By Amy Willis
Published: 2:59PM GMT 25 Oct 2009 in
The Telegraph UK.
The author claims she is is fed up with increasing levels of "sadistic misogyny" in crime fiction and says authors are simply jumping on the bandwagon to get a bestseller.
"Each psychopath is more sadistic than the last and his victims' sufferings are described in detail that becomes ever more explicit as young women are imprisoned, bound, eaten, starved, suffocated, stabbed, boiled or burned alive," she told the Observer.
Authors must be free to write and publishers to publish. But critics must be free to say when they have had enough. So however many more outpourings of sadistic misogyny are crammed on to the bandwagon, no more will be reviewed by me," she added.
And the most disturbing plots are by female authors, she says.
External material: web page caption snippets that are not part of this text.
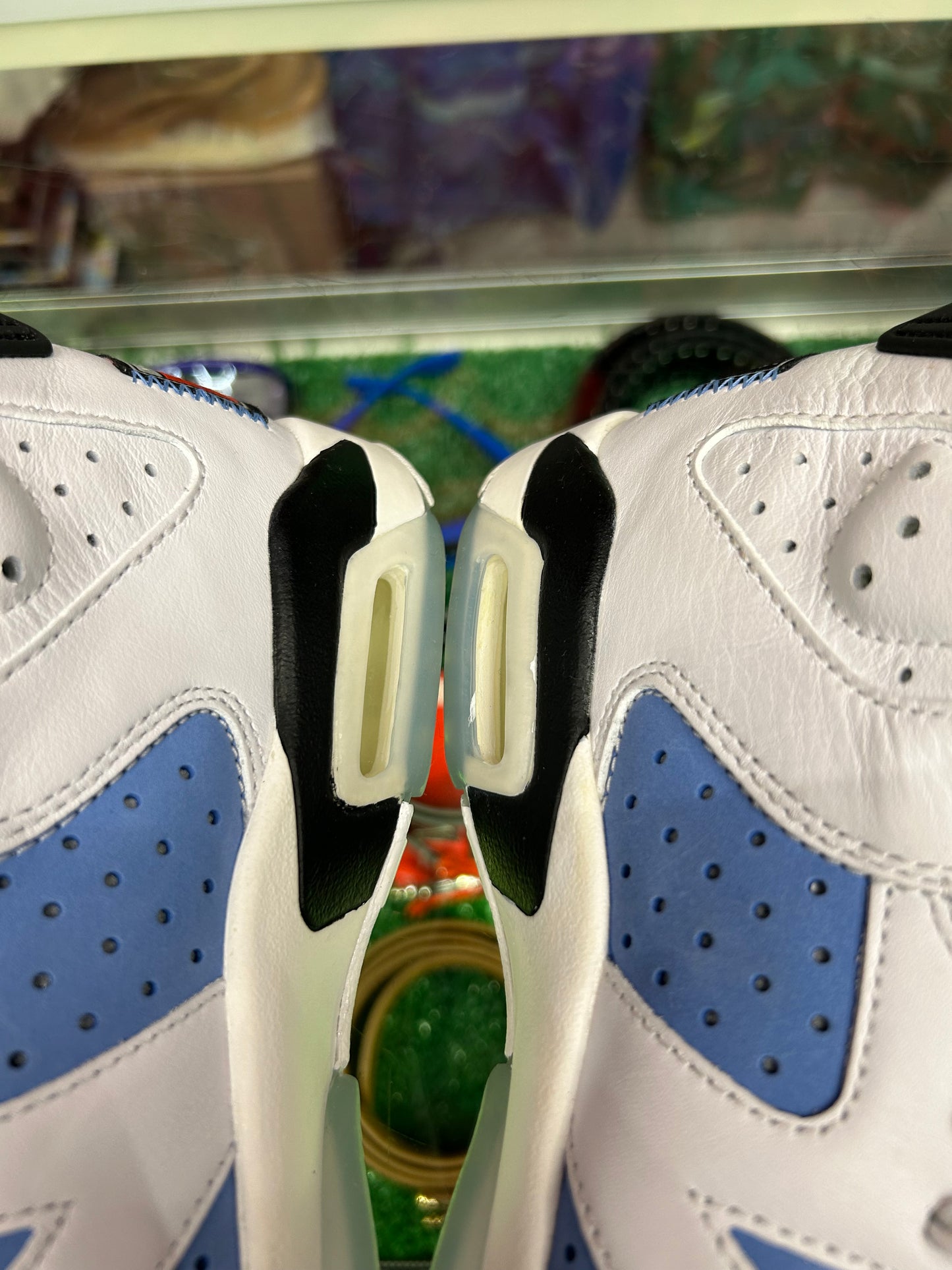 JORDAN 6 UNC (PRE-OWNED W/ BOX)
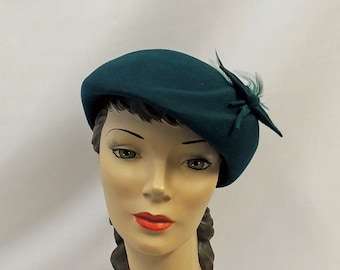 Dark Teal Green  Vintage style 1940’s 1950’s inspired  Percher  Hat with Feather trim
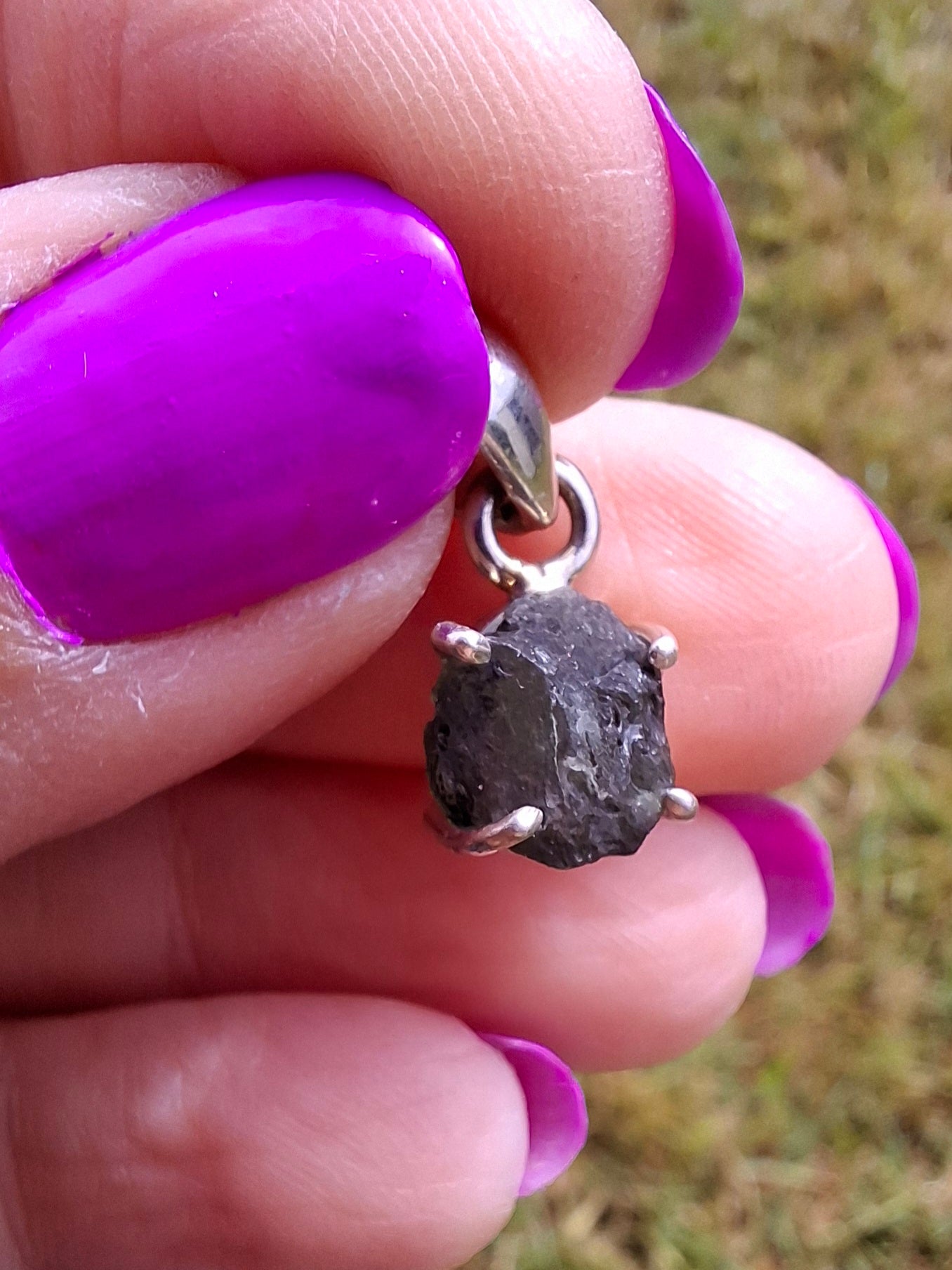 Moldavite Claw Pendant, 925 Silver, Tektite (Ref: P17)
"The trend cannot be attributed to an anti-feminist backlash because the most inventive fiction of this kind is written by women," she claims.
Natasha Cooper, former chair of the Crime Writer' Association, agrees with Ms Mann. She says women do this so they are taken seriously as authors.
"There is a general feeling that women writers are less important than male writers and what can save and propel them on to the bestseller list is if they produce at least one novel with very graphic violence in it to establish their credibility and prove they are not girly," she said.
The British market for crime fiction is worth more than £116m a year, with almost 21 million books sold.
Women account for more than 60 per cent of the readership with females over 55 the most avid readers.